In different cultures, there are different traditions.
If those traditions are abided by, there is an honor that you continue to carry with your name and legacy thereafter.
I have been in and out of various spiritual stages in my life but always spiritual to some extent. My religious beliefs have always been less about religion but the traditional, honorable, and virtuous values of the texts have always sustained as something to remember.
I love being honorable about whatever I’m doing. I have found it easier to be honest rather than to be dishonest and maintain even a “white lie”. I will always ask permission from the rightful overseer to associate with whatever it is. I will never take or assume.
There are a couple of traditions that I have combined as an idea that I want to pursue for spiritual guidance and maintaining a clear conscience and karma. I am going to omit any hint or detail as to what they are because…
A) It’s personal.
B) I don’t want a disruption when I pursue it.
C) (And I unfortunately cannot make anyone understand the spiritual and traditional importance) It can easily be misunderstood, weird, maybe even creepy.
For those who just read that and have imagined something illegal – no, it definitely isn’t illegal. It is a virtuous idea in all of the major religions and belief systems. Bible, Quran, etc. It’s only misunderstood, weird, maybe even creepy because of certain situation-specific details in my case.

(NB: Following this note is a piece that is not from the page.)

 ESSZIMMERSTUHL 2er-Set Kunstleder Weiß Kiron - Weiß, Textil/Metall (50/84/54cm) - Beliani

You know those certain things that are considered “cute” or “sweet” as a child or teenager but somehow lose innocence and purity when it’s done as an adult? It’s kind of that dilemma… or maybe I am being paranoid and people do this all of the time and I just don’t see it?

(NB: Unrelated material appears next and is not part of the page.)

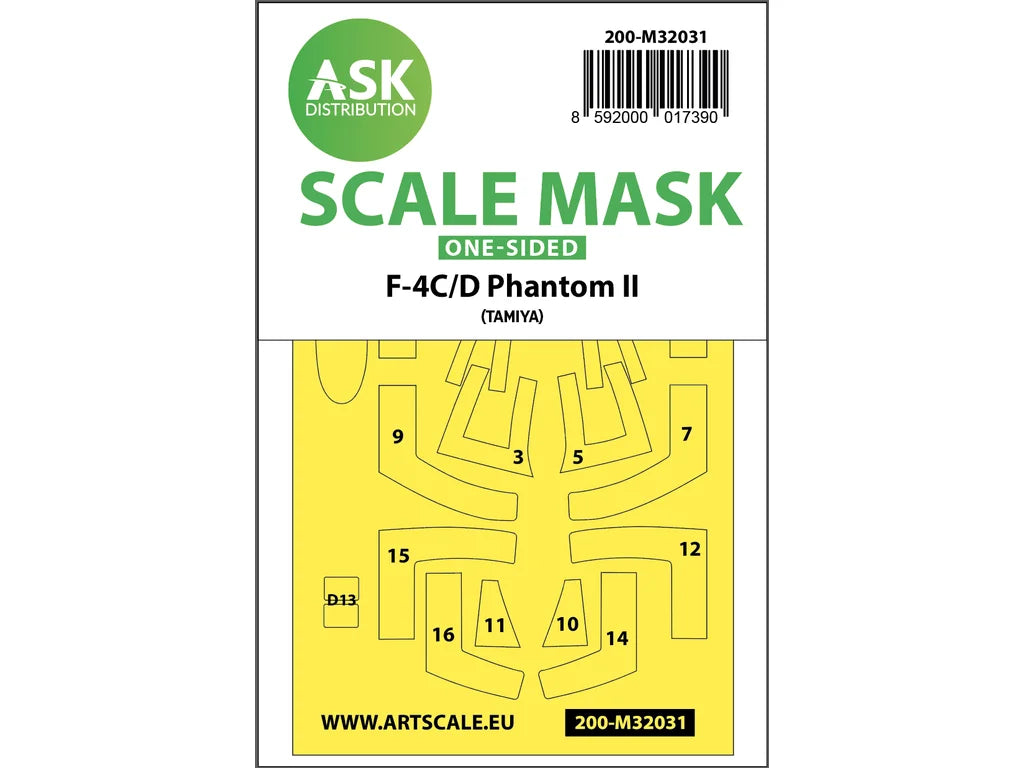 Art Scale Kit M32031 F-4C/D Phantom One-Sided Mask for Tamiya 1/32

I am going to try to pursue this spiritual tradition and stay honorable in my pursuits. This tradition will be from a spiritual tradition that my dad and other family members continue to do for lesser moments. Not “valueless”, but just not this involved with other circumstances.
I have to say, what I’m thinking of my case is amazingly considerate but still, from an outside point of view, might look strange. It’s a scary line to walk when your beliefs and ideals might be seen as strange and damning going forward.

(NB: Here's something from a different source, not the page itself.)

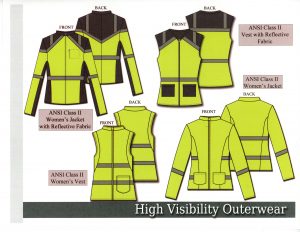 UW-Stout apparel design and development students created prototype high-visibility garments for Huebsch Services of Eau Claire.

When I do this, my spirituality will be in tact. My conscience will be clear. My karma will be favorable. I think more importantly, closely associated with my spirituality, I will feel complete that I have learned one of the truest lessons of faith and letting go.
I hope no one sees me… but more than that, I hope someone who understands sees me.
I hope I don’t have to explain myself… but more than that, I hope someone doesn’t need an explanation.
I hope this relieves the burden of me holding onto a few questions… but more than that, I hope this helps me realize I have and know my own answers for my own peace.